To do
All of the entries should be restated word for word, but without their pictures.

Data supplied
[Start of section]
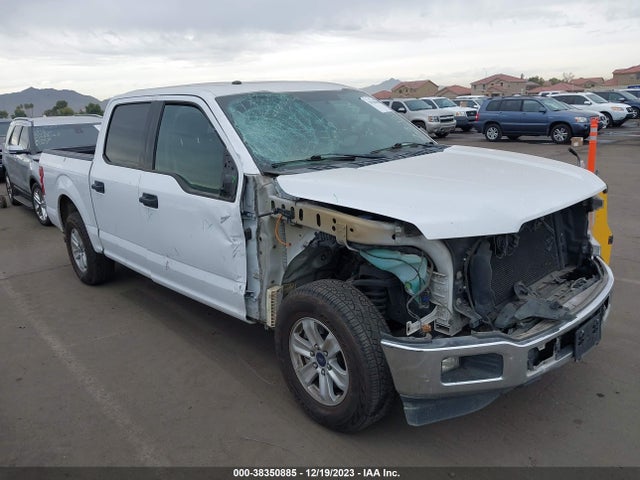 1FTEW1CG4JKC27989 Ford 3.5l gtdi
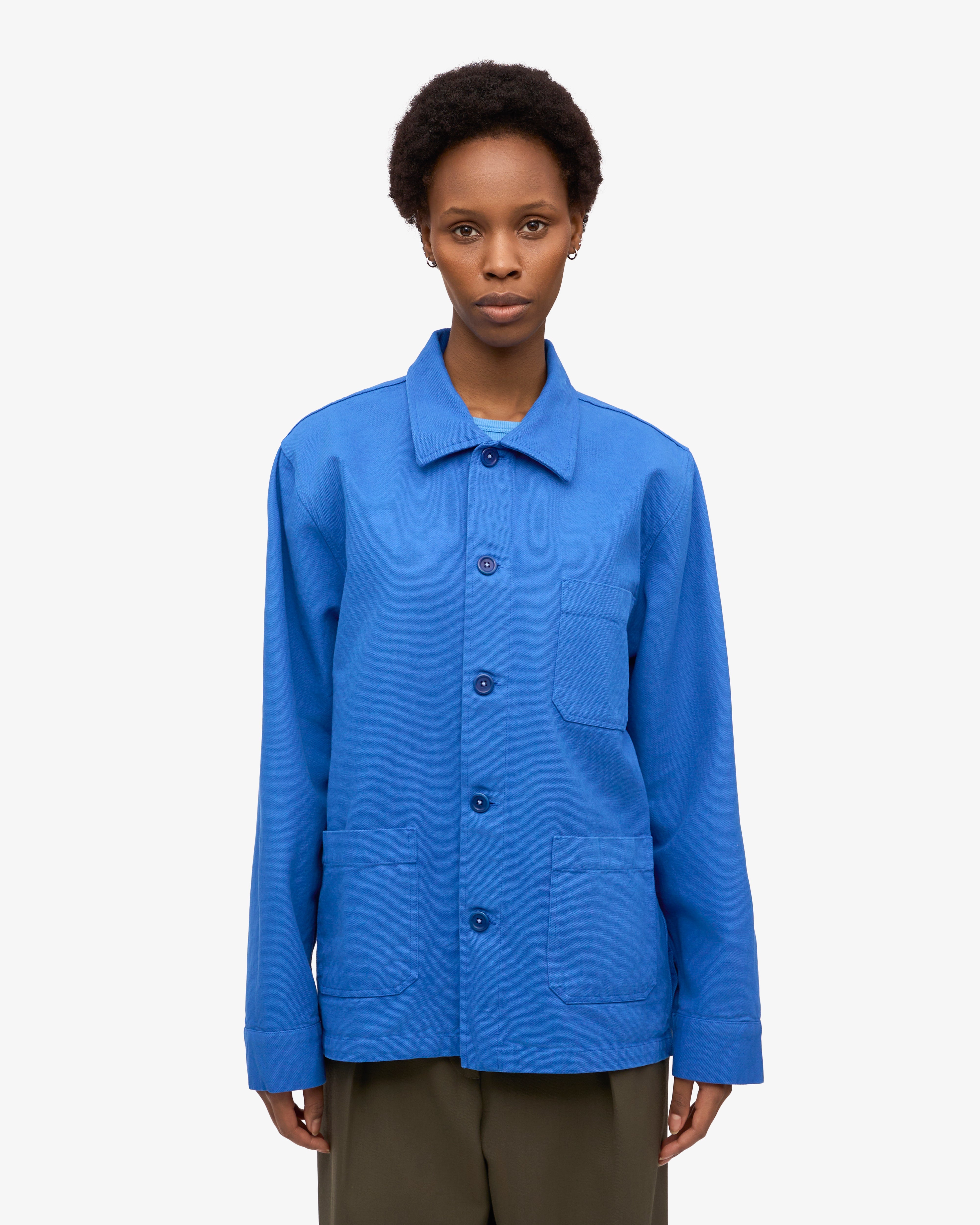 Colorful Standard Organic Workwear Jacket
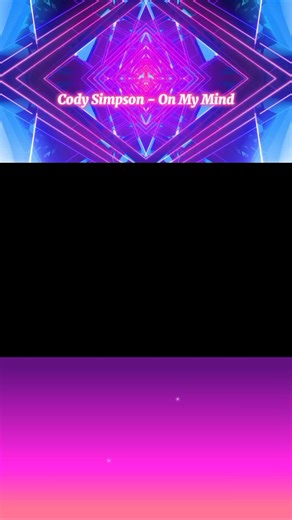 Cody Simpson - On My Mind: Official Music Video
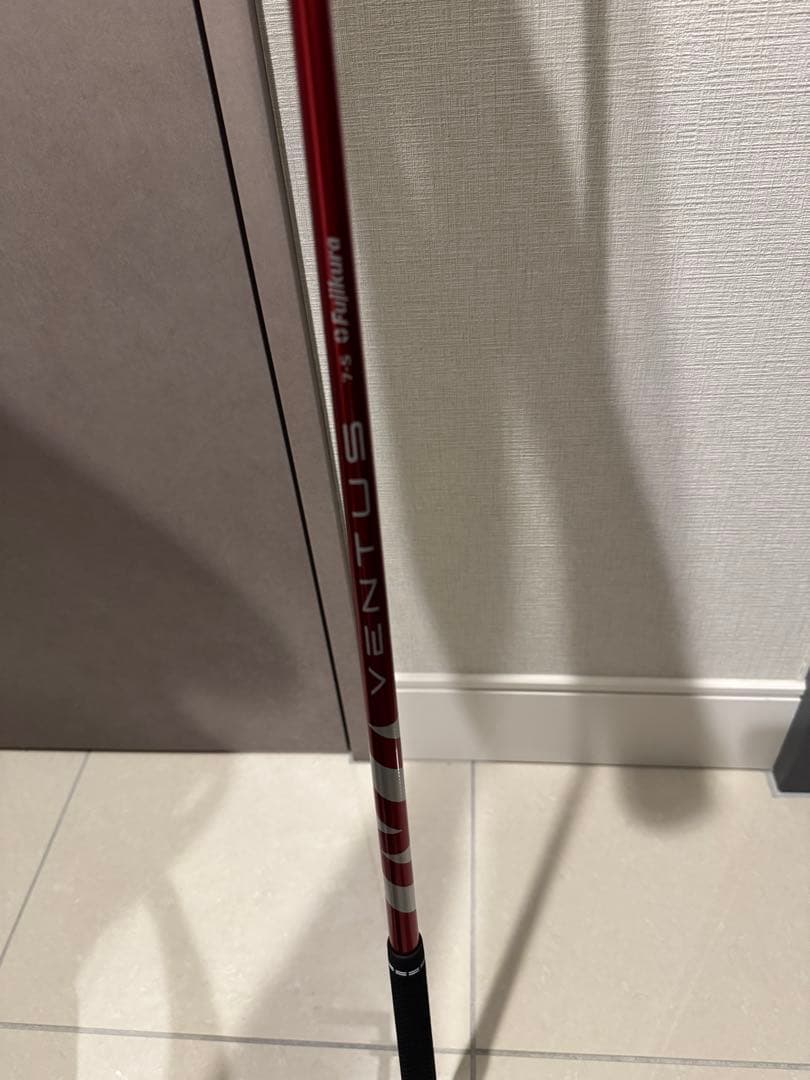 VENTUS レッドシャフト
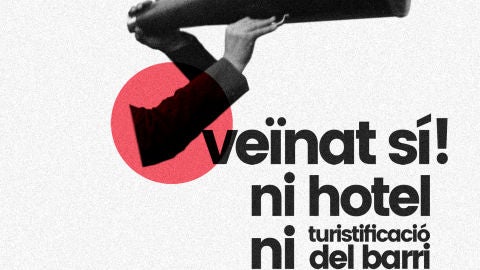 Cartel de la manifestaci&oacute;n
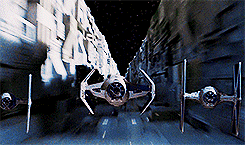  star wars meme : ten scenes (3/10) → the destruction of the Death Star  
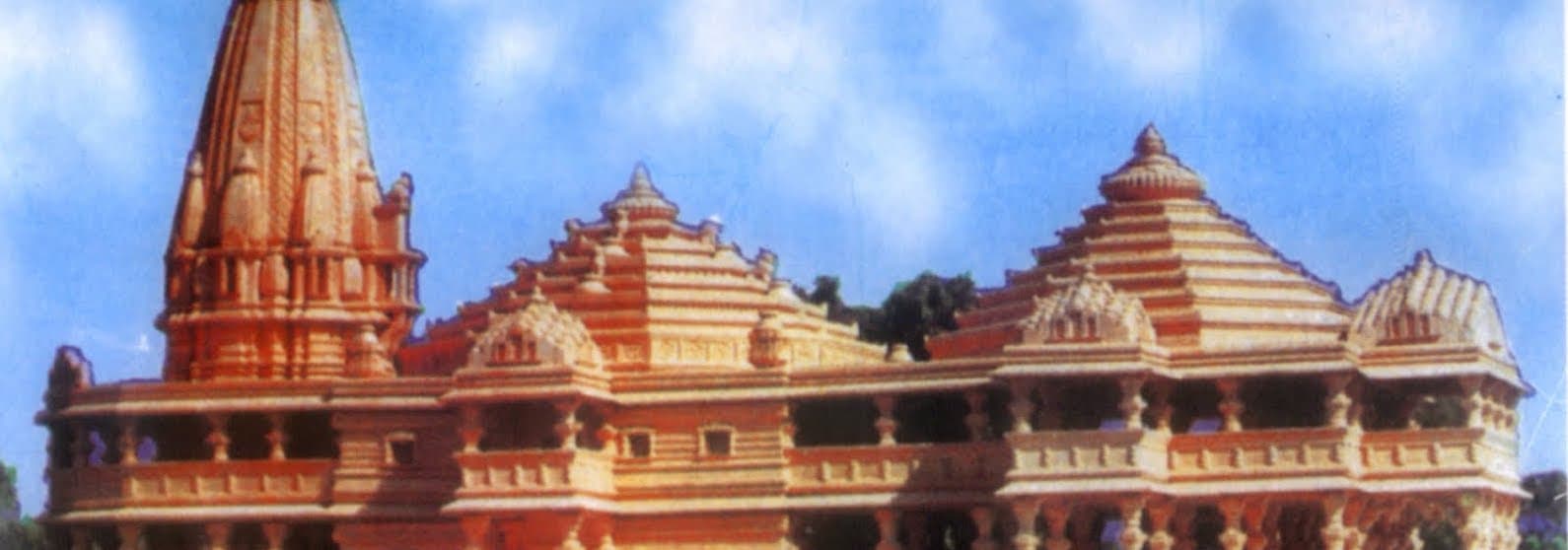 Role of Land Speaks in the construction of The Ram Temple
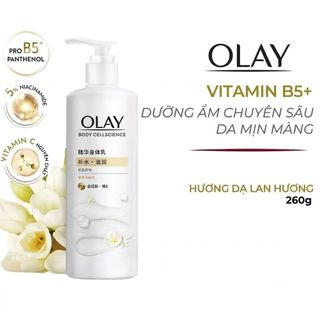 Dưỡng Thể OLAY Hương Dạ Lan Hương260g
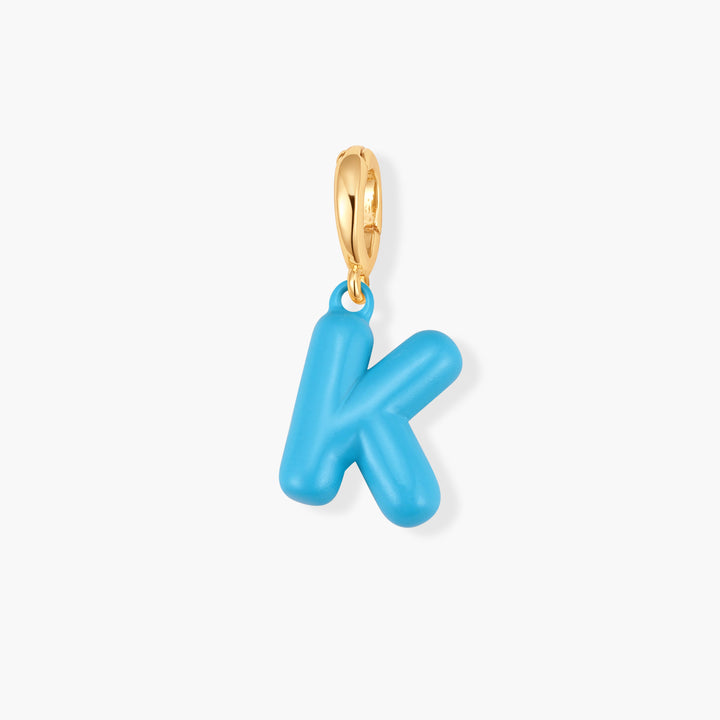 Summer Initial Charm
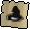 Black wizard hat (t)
[End of section]
Task answer
 1FTEW1CG4JKC27989 Ford 3.5l gtdi
 Colorful Standard Organic Workwear Jacket
 Cody Simpson - On My Mind: Official Music Video
 VENTUS レッドシャフト
 Cartel de la manifestaci&oacute;n
  star wars meme : ten scenes (3/10) → the destruction of the Death Star  
 Role of Land Speaks in the construction of The Ram Temple
 Dưỡng Thể OLAY Hương Dạ Lan Hương260g
 Summer Initial Charm
 Black wizard hat (t)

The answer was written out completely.